Tokenization is the process of breaking text into smaller units called tokens.

Tokens can be:

1.   Words
2.   Sentences
3.   Characters





In [39]:
import nltk

nltk.download('punkt')
nltk.download('punkt_tab')
nltk.download('wordnet')
nltk.download('omw-1.4')
nltk.download('punkt')
nltk.download('averaged_perceptron_tagger')



[nltk_data] Downloading package punkt to /root/nltk_data...
[nltk_data]   Package punkt is already up-to-date!
[nltk_data] Downloading package punkt_tab to /root/nltk_data...
[nltk_data]   Package punkt_tab is already up-to-date!
[nltk_data] Downloading package wordnet to /root/nltk_data...
[nltk_data]   Package wordnet is already up-to-date!
[nltk_data] Downloading package omw-1.4 to /root/nltk_data...
[nltk_data]   Package omw-1.4 is already up-to-date!
[nltk_data] Downloading package punkt to /root/nltk_data...
[nltk_data]   Package punkt is already up-to-date!
[nltk_data] Downloading package averaged_perceptron_tagger to
[nltk_data]     /root/nltk_data...
[nltk_data]   Package averaged_perceptron_tagger is already up-to-
[nltk_data]       date!


True

Word Tokenization

In [40]:
from nltk.tokenize import word_tokenize

text = "Natural Language Processing is very useful."
tokens = word_tokenize(text)

print(tokens)


['Natural', 'Language', 'Processing', 'is', 'very', 'useful', '.']


Sentence Tokenization

In [41]:
from nltk.tokenize import sent_tokenize

text = "I love NLP. It is very powerful."
sentences = sent_tokenize(text)

print(sentences)


['I love NLP.', 'It is very powerful.']


Character Tokenization using NLTK RegexpTokenizer

In [42]:
from nltk.tokenize import RegexpTokenizer

tokenizer = RegexpTokenizer(r'\S')  # matches every non-space character
text = "Natural Language"

char_tokens = tokenizer.tokenize(text)
print(char_tokens)


['N', 'a', 't', 'u', 'r', 'a', 'l', 'L', 'a', 'n', 'g', 'u', 'a', 'g', 'e']


### Stemming

Stemming is a rule-based text normalization technique used in Natural Language Processing to reduce words to their root form or base form, known as a "stem."


Porter Stemmer

The Porter Stemmer is the oldest and most commonly used stemming algorithm.
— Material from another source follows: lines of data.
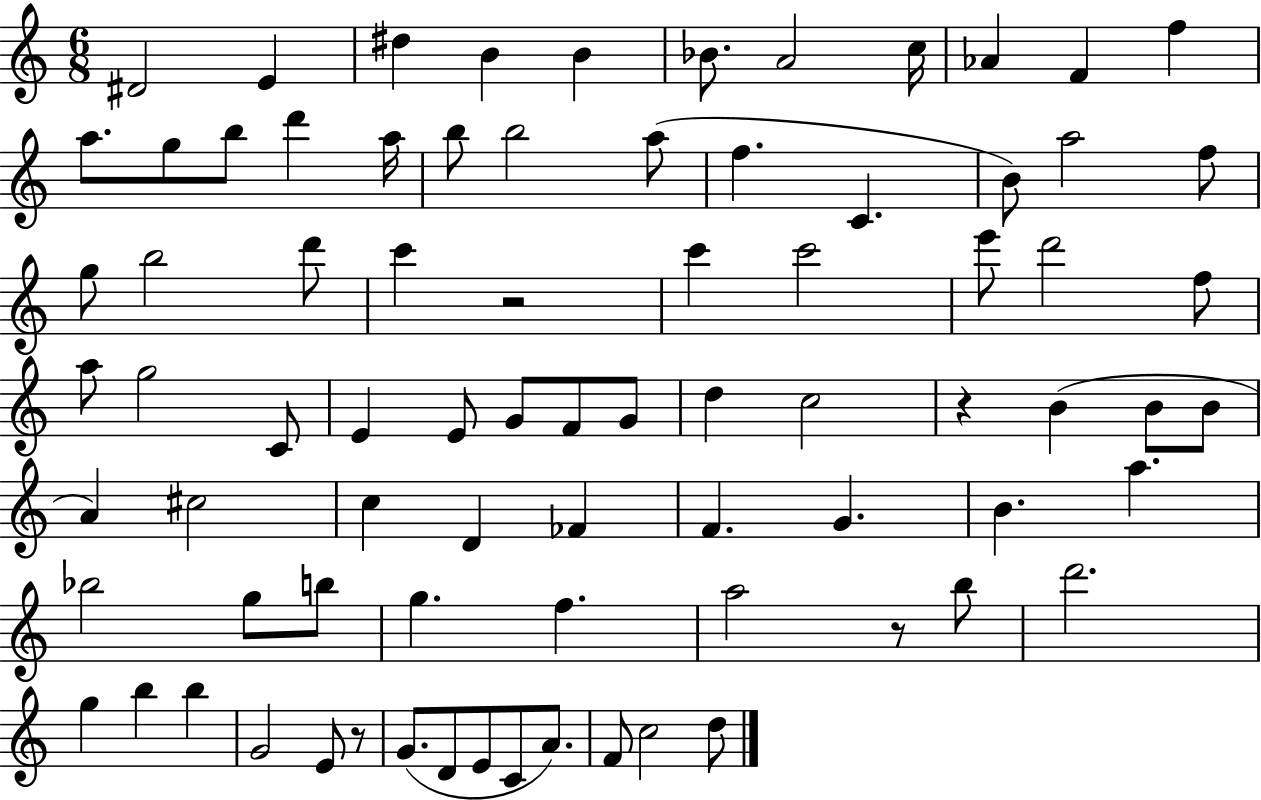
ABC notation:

X:1
T:Untitled
M:6/8
L:1/4
K:C
^D2 E ^d B B _B/2 A2 c/4 _A F f a/2 g/2 b/2 d' a/4 b/2 b2 a/2 f C B/2 a2 f/2 g/2 b2 d'/2 c' z2 c' c'2 e'/2 d'2 f/2 a/2 g2 C/2 E E/2 G/2 F/2 G/2 d c2 z B B/2 B/2 A ^c2 c D _F F G B a _b2 g/2 b/2 g f a2 z/2 b/2 d'2 g b b G2 E/2 z/2 G/2 D/2 E/2 C/2 A/2 F/2 c2 d/2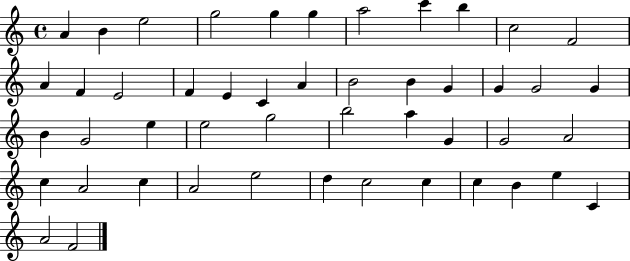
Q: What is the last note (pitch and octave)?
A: F4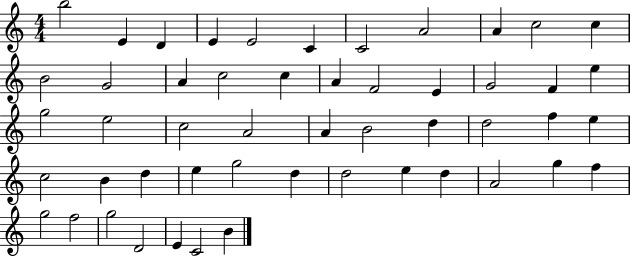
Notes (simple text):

B5/h E4/q D4/q E4/q E4/h C4/q C4/h A4/h A4/q C5/h C5/q B4/h G4/h A4/q C5/h C5/q A4/q F4/h E4/q G4/h F4/q E5/q G5/h E5/h C5/h A4/h A4/q B4/h D5/q D5/h F5/q E5/q C5/h B4/q D5/q E5/q G5/h D5/q D5/h E5/q D5/q A4/h G5/q F5/q G5/h F5/h G5/h D4/h E4/q C4/h B4/q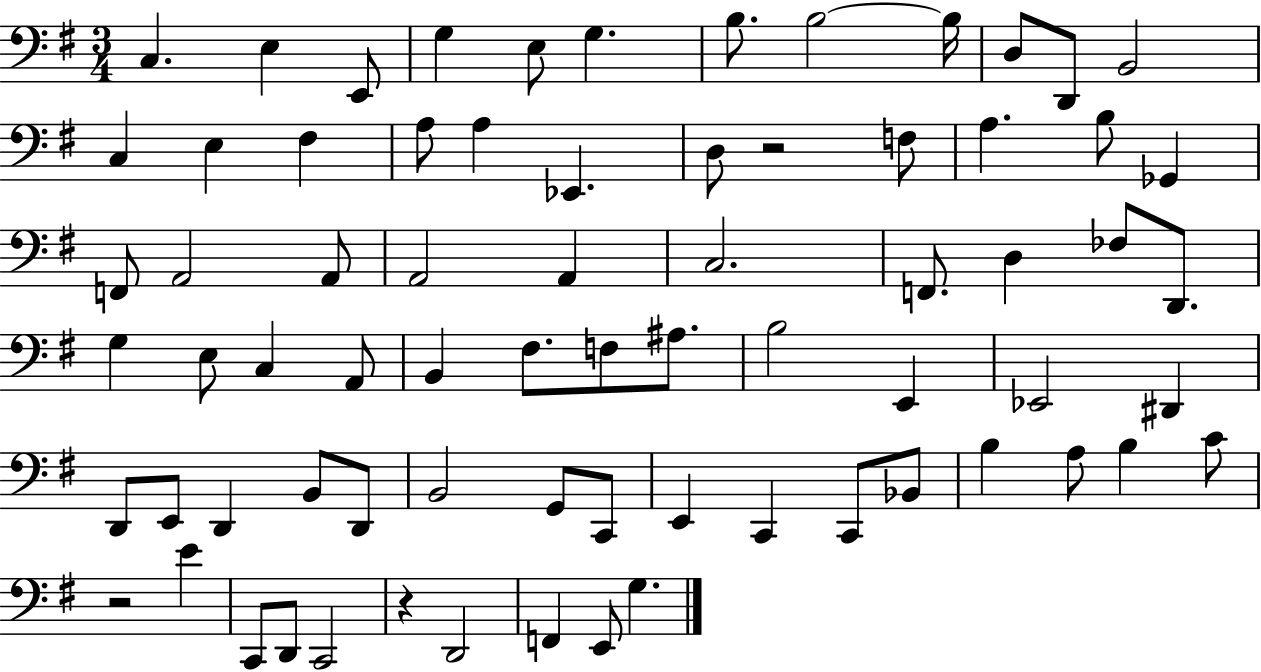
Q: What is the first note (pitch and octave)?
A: C3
It applies a series of five phases of word reduction rules.

In [43]:
from nltk.stem import PorterStemmer

stemmer = PorterStemmer()

words = ["playing", "played", "plays", "easily", "fairly"]
stemmed_words = [stemmer.stem(word) for word in words]

print(stemmed_words)


['play', 'play', 'play', 'easili', 'fairli']


Snowball Stemmer


The Snowball Stemmer is an improvement over the original Porter Stemmer. It is more computationally efficient and supports multiple languages.

In [44]:
from nltk.stem import SnowballStemmer

stemmer = SnowballStemmer("english")

stemmed_words = [stemmer.stem(word) for word in words]

print(stemmed_words)


['play', 'play', 'play', 'easili', 'fair']


Lancaster Stemmer

The Lancaster Stemmer is the most aggressive . It uses a very large set of rules and often "over-stems," meaning it reduces words to very short, unintuitive roots.

In [45]:
from nltk.stem import LancasterStemmer

stemmer = LancasterStemmer()

stemmed_words = [stemmer.stem(word) for word in words]

print(stemmed_words)


['play', 'play', 'play', 'easy', 'fair']


Regexp Stemmer


The Regexp Stemmer (Regular Expression Stemmer) allows you to define your own custom rules for suffix removal.

In [46]:
from nltk.stem import RegexpStemmer

stemmer = RegexpStemmer('ing$|s$|ed$')

stemmed_words = [stemmer.stem(word) for word in words]

print(stemmed_words)


['play', 'play', 'play', 'easily', 'fairly']


## Lemmatization

Lemmatization is
a Natural Language Processing (NLP) technique used to reduce words to their base or dictionary form, known as a lemma. Unlike simpler techniques, it considers the context and grammatical role of a word (e.g., whether it is a noun or verb) to ensure the resulting form is a valid word.

In [47]:
import nltk
nltk.download('punkt')
nltk.download('wordnet')
nltk.download('omw-1.4')
nltk.download('averaged_perceptron_tagger')
nltk.download('averaged_perceptron_tagger_eng')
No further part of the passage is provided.